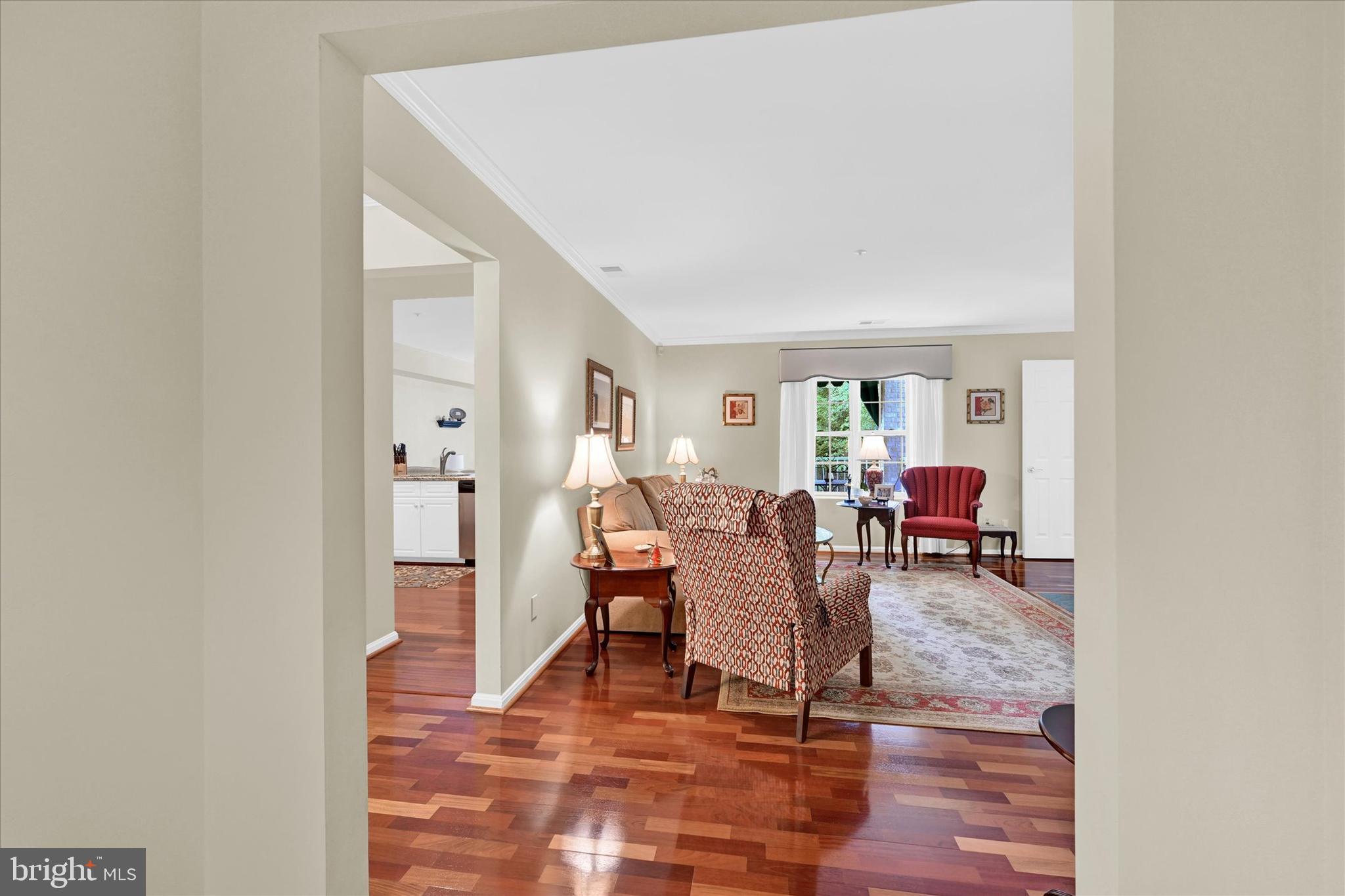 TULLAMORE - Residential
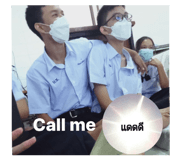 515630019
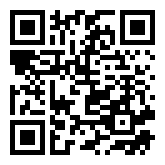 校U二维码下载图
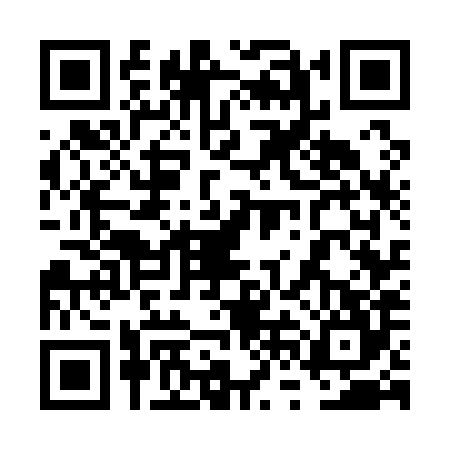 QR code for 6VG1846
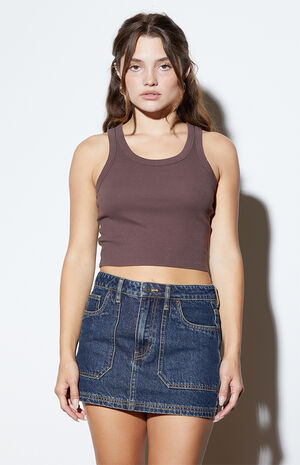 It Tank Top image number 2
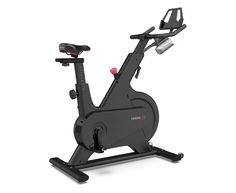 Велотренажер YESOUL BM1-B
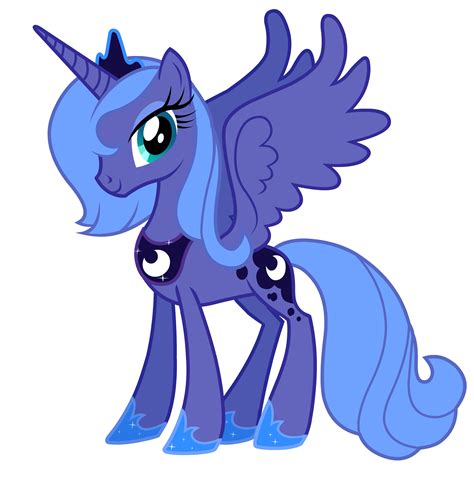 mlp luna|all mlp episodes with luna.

::::::::::

AIM OF THE EXERCISE
Repeat only the lines from the line with "Велотренажер YESOUL BM1-B" to the end of the entries, including both the first and the last line, and drop every picture.

TASK OUTPUT
 Велотренажер YESOUL BM1-B
 mlp luna|all mlp episodes with luna.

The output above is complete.